The Victoria Avenue site (LA9) is adjacent to the site of the Grimsby railway station built in the 1990s, on the site of the second and third stations in Grimsby that were destroyed by fire. It is part of Lots 9 and 10 of Concession 1 in the historic Lincoln County. The site is on the south side of the Canadian National Railway tracks, extending west of Ontario Street and east of Maple Avenue. It is surrounded by developed areas consisting of residential structures from the late 19th century and early 20th century, as well as commercial and industrial buildings. Of the six cultural heritage resources identified adjacent to the site, the only one protected by the Ontario Heritage Act is the former Great Western Railway station built in 1853.

Land at this site is municipally designated for commercial development. The site is at mile 27.4 of the Grimsby Subdivision.

===Casablanca Boulevard site===
The Casablanca Boulevard site (LA10) is part of Lots 19 and 20 at Concession 1 Lincoln of the historic Lincoln County. The site required an additional field review for cultural heritage resources in September 2010 after the site under consideration was expanded. It is a vacant 5.4 hectare parcel of land that straddles the Canadian National Railway tracks west of Casablanca Boulevard, and is at mile 29.37 of the Grimsby Subdivision.

North of the railway tracks, the lands are designated for commercial development. The land to the south is within the Greenbelt, and is officially designated as "Tender Fruit and Grape Lands" provincially and a "Specialty Crop Area" municipally. The site may also have unidentified or unexplored archaeological resources.

The level crossing at Casablanca Boulevard may require grade separation in the future.
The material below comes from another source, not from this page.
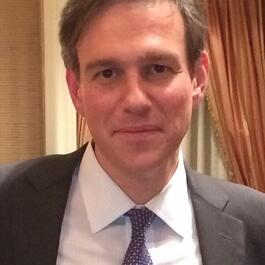 Bret Stephens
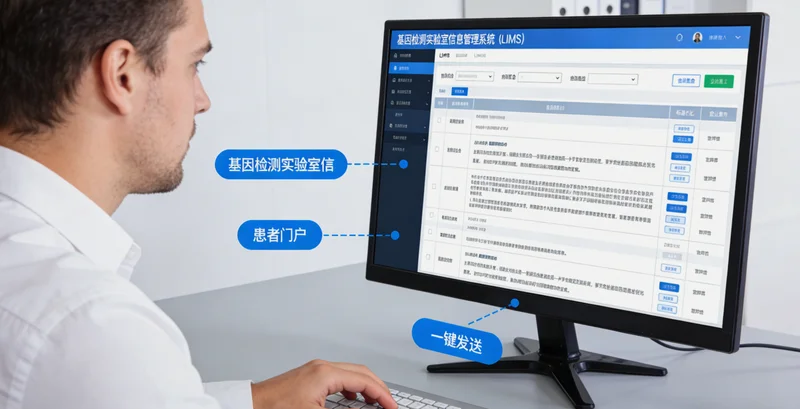 玉林BRCA基因阳性携带者长期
As of 2011, the site will require a capital investment of $10 million for development, excluding track improvements and grade separation, and future expansion will cost $12.6 million.

==Services==
The Niagara Rail Service Expansion Environmental Study Report specified the developed site will include a station building on the north side of the Canadian National Railway tracks, a parking lot with 470 spaces, a kiss and ride and taxi drop-off area, and bus bays. These will be linked by a pedestrian tunnel to a platform on the south side of the tracks. The site can accommodate an additional 970 parking spaces on the south side of the tracks, and a platform on the north side of the tracks for future development.

There is currently no local transit service in Grimsby for connector services, though the Town of Grimsby Official Plan (2009) states the town intends to "explore opportunities for the provision of public transit". GO Transit operates a park and ride stop at Casablanca Boulevard on hourly service between Burlington GO Station and Niagara Falls.